Considering the overall situation, the Court was not inclined to provide any special treatment to the accused since his earlier pleas on similar grounds had been rejected. It suspended the operation of the order of the High Court and thereby prevented release of these Maoists on a mere technicality.
Some sections of the media and certain vested interests have portrayed this order as if the Court has stayed an order of “acquittal” by way of a Saturday hearing. First, the accusation of “Saturday hearing” is no basis as it is a mere coincidence: The order of the HC was passed on a Friday and the SC could not have waited for a hearing and risked making the matter infructuous. Had it been any other day of the week, the hearing would have taken place on the next designated working day.
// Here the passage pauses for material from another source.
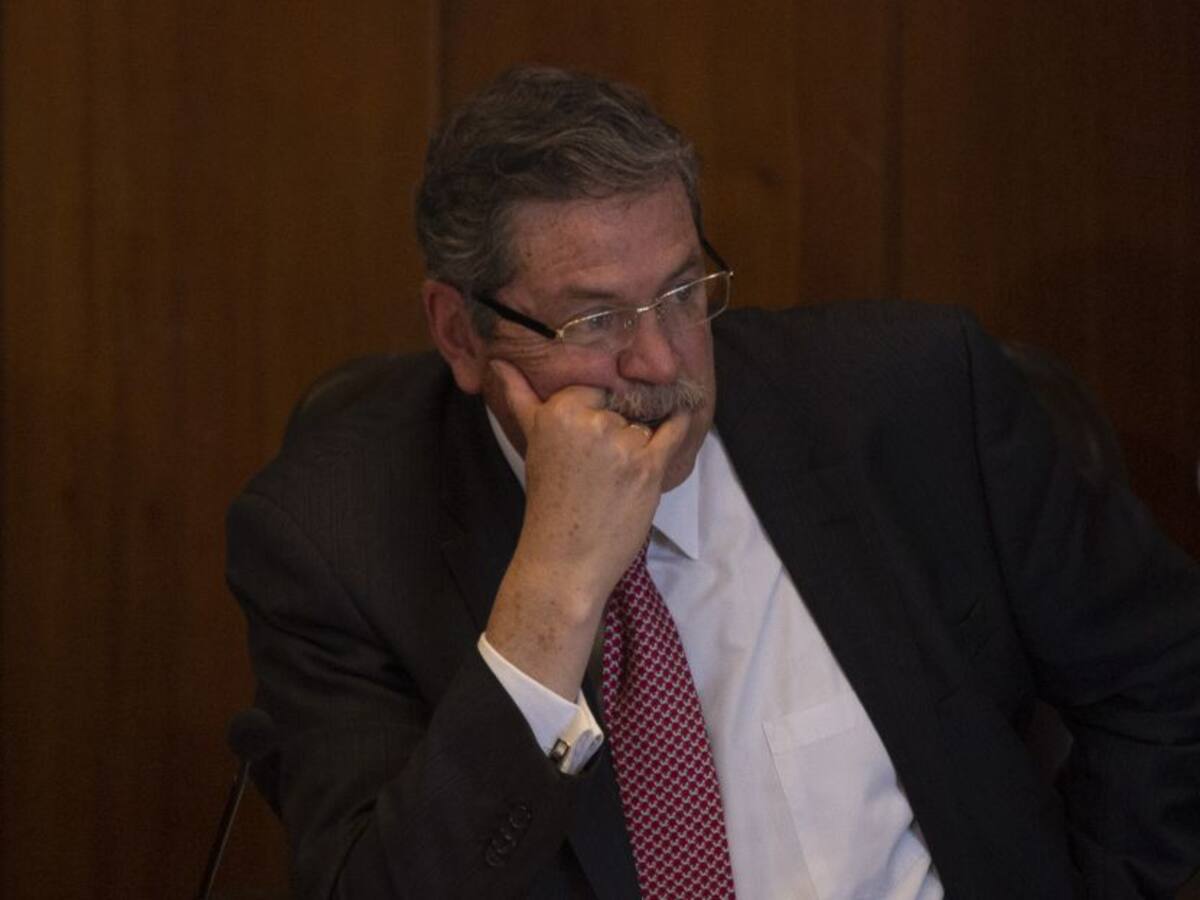 Lista terna para reemplazo de Luis Guerrero en la Corte Constitucional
More importantly, the charge that the “acquittal” of Saibaba was stayed is dangerously delusive and misleading. This deception is caused by the conveniently cunning use of the word “acquittal”, giving the impression that the order was anti-liberal or toed the government line without reasons.
This falsehood, premised on the preening catchphrase of “personal liberties” or “human rights”, is often used by critics to berate the Court mostly to bring pressure on the judiciary. The Court must rise above this perception threat as liberties have no meaning if exercised at the expense of liberties of the law-abiding public at large. This does not mean that terror accused or Naxalites do not deserve to be tried in accordance with the rule of law or in accordance with basic protections inbuilt in criminal law. What it means is such accused do not deserve any special treatment merely because some sections of the media and the intelligentsia have a soft corner for the veils of activism that the Maoists or Naxals often wear.
The charges against Saibaba and the other accused are not of mere membership or interaction with banned terrorist organisations; they have been factually found by the competent court to have been working, supporting and conspiring in activities of terrorism of the Naxal variety. A fatuous technicality is inapplicable after the conviction on merits.
One must not forget that terrorism or naxalism has an impact not just on national integrity but also on society. It preys on the helplessness of the young and poor, often giving them a “choice” between enrolment with Naxals or death. It is an ideology that has taken more Indian lives in the past two decades than any other form of terrorism (including the one from across the border). It seeks to poison the chalice it drinks from by replacing the constitutional order created for establishing a free, liberal and democratic India that its apologists want. It yearns for a “revolution” to establish its own deluded version of a communist state and seeks to subvert the protections and patience of the liberal world while risking the liberties of the larger population. If one goes by the reports, they have infiltrated all walks of life and “urban Naxal” is not just a rhetorical slur but a national security reality. Their sympathisers are, unfortunately, present in every institution.
The establishment of any constitutional order through a social contract requires the monopolisation of law and order in criminal prosecution by the state. A country which fails in maintaining law and order and efficient criminal prosecution, especially concerning organisations and persons seeking to overthrow the constitutional order of the country itself, not only fails its citizens but also breaches a sovereign constitutional promise.
The intervention of the Supreme Court, stalling the absurdity resulting from the High Court order, was a much welcome and a timely step. The release of Naxals on mere technicalities would have not only posed a significant risk to society but would have also enthused Naxals across the country. The citizens of the country have their own competing rights to personal liberties which cannot be jeopardised for some imaginary certificate from the self-appointed keepers of the conscience of the Court. The Supreme Court prevented a national security calamity: It would have been in dereliction of its constitutional obligation had it not done the same. The sentinel on the qui vive made a timely intervention.